Which sets of base 10 digits have the property that, for every $n$, there is a $n$-digit number made up of these digits that is divisible by $5^n$? Which sets of non-zero base 10 digits have the property that, for every $n$, there is a $n$-digit number made up of these digits that is divisible by $5^n$?
This is an extension of
Prove that for any integer $n>0$, there exists a number consisting of 1's and 2's only, which is divisible by $2^n$.
Here is my answer:
Any set of digits 
which form
a complete residue set
modulo 5.
In particular,
any 5 consecutive digits.
A proof by induction
is not too difficult.
 A: Partial result . . .

Claim:

If $S \subseteq \{1,2,3,4,5,6,7,8,9\}$ contains a complete residue system, mod $5$, then for all positive integers $n$, there is an $n$-digit number $x$ such that 


*

*All digits of $x$ are elements of $S$.$\\[4pt]$

*$5^n{\mid}x$.


Proof:

Assume $S \subseteq \{1,2,3,4,5,6,7,8,9\}$ contains a complete residue system, mod $5$.

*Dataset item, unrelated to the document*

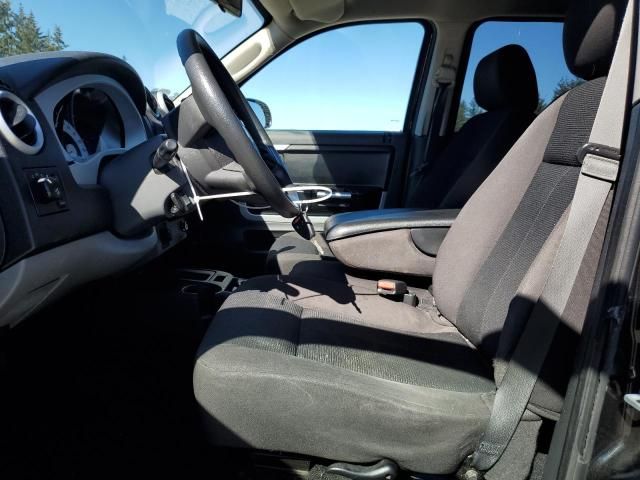 2008 Mitsubishi Raider LS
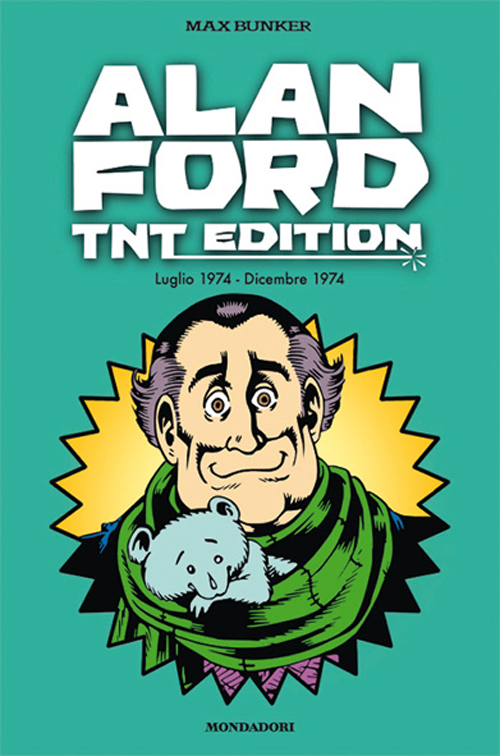 Alan Ford. TNT edition. Vol. 11: Luglio 1974-Dicembre 1974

Necessarily $5 \in S$, hence the claim holds for $n=1$.

Proceed by induction on $n$.

Fix $n \ge 1$, and let $x$ be an $n$-digit number such that all digits of $x$ are elements of $S$, and $5^n{\mid}x$.

Let $y ={\large{\frac{x}{5^n}}}$.

Choose $d \in S$ such that $d(2^n) + y \equiv 0\;(\text{mod}\;5)$.

Let $x'=d(10^n)+x$. 

Then $x'$ is an $(n+1)$-digit number, all of whose digits are elements of $S$.
\begin{align*}
\text{Also,}\;\;x'&=d(10^n)+x\\[4pt]
&=(5^n)(d(2^n)+y)\\[4pt]
\end{align*}
which is a multiple of $5^{n+1}$.

Thus, the induction is complete.

Update:

For $S \subseteq \{1,2,3,4,5,6,7,8,9\}$, call $S$ qualifying if for every positive integer $n$, there is an $n$-digit number $x$ such that


*

*All digits of $x$ are in $S$.$\\[4pt]$

*$5^n{\mid}x$.


As was shown, if $S \subseteq \{1,2,3,4,5,6,7,8,9\}$, and $S$ contains a complete residue system, mod $5$, then $S$ is qualifying.

For $S \subseteq \{1,2,3,4,5,6,7,8,9\}$, call $S$ a minimal exception if


*

*$S$ is a qualifying set.$\\[4pt]$

*$S$ does not contain a complete residue system, mod $5$.$\\[4pt]$

*No proper subset of $S$ is qualifying.


Conjecture:

There are exactly $11$ minimal exceptions, as listed below:
\begin{align*}
&\{1, 2, 3, 5, 6, 7\}\\[4pt]
&\{1, 2, 3, 5, 6, 8\}\\[4pt]
&\{1, 2, 3, 5, 7, 8\}\\[4pt]
&\{1, 2, 5, 6, 7, 8\}\\[4pt]
&\{1, 2, 5, 6, 7, 9\}\\[4pt]
&\{1, 3, 5, 6, 7, 8\}\\[4pt]
&\{2, 3, 4, 5, 7, 9\}\\[4pt]
&\{2, 3, 5, 6, 7, 8\}\\[4pt]
&\{2, 3, 5, 7, 8, 9\}\\[4pt]
&\{2, 4, 5, 6, 7, 9\}\\[4pt]
&\{3, 4, 5, 7, 8, 9\}\\[4pt]
\end{align*}
Remarks: All of the above sets survived testing for $1 \le n \le 10000$.